¡Hay tanto que he escrito! ¡Hay tantos pensamientos que se empezaron a gestar, pero nunca llegaron a ser escritos! ¡Hay tantas ideas que se iniciaron, pero no se concluyeron! ¡Hay tantas palabras que alguna vez quisieron estar en el lugar principal! Hoy les contaré cómo fue que inicié mi blog.
Estaba por salir de la preparatoria cuando comencé este blog. Me había enamorado de Elena (el nombre lo he cambiado), que para ese tiempo tenía novio, por lo cual en un principio era para gritar a los cuatro vientos lo que alguien no podría escuchar, para decir que estaba enamorado de quien no debía.
En aquella época ya éramos amigos, pero metí las cuatro patas y ya no podíamos seguir siéndolo, así que me tuve que alejar. Entonces me refugié en este espacio muy mío, pero que al mismo tiempo me permitía decirle lo que en la vida real no le podría decir. No empecé desde cero, pues mucho antes ya había escrito algunos pensamientos en papel; este blog solo era para decir que la estaba extrañando. Luego, de tanto escribir e imaginar mi tiempo con ella, un ensueño me comenzó a acompañar, pasando a ser la mujer perfecta, la que siempre me amaría, a la que nunca dejaría, a la que no cambiaría, pero entonces, y por alguna razón, mi deseo se convirtió en realidad. Ella, la mujer de carne y huesos, ahora estaba a mi lado, ¡era real! Así que ahora las dos estaban a mi lado.

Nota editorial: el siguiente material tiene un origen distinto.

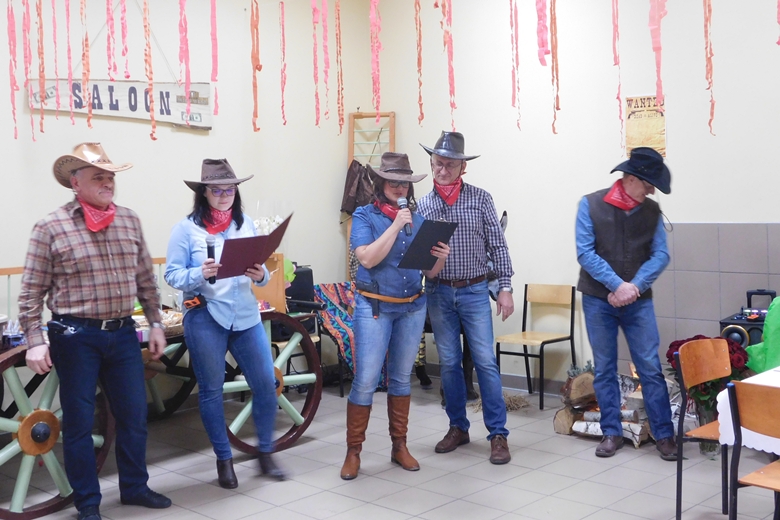 Impreza z okazji Dnia Kobiet w Rakoszycach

He aquí que había un problema. Ella (la mujer real) ahora competiría con mis ensueños. ¿Y cómo compite una mujer contra la nada? Y que a su vez es un superego de ella misma, pero en la cabeza de un loco. La batalla fue de lo más catastrófica que alguien podría imaginar, porque cuando la mujer real estaba conmigo, la de ensueños quería que se fuera. Y cuando la real estaba lejos, yo la extrañaba y entonces su superego se aprovechaba y me abrazaba, consolando mi soledad. Aquello era insoportable porque ella, aun siendo real, no era ella si no se parecía a la de mentiras.
Sé que sufrió por culpa de una de mis fantasías. Y creo que he aprendido la lección: las personas no pueden ser perfectas. Cabe aclarar que me esforcé por liberarme del superego de ella y, aun cuando fue muy difícil dejarla ir, al final también terminé con la mujer real, pues no quería seguir lastimándonos.
Y así es como llegamos al génesis de este espacio. Hasta la próxima.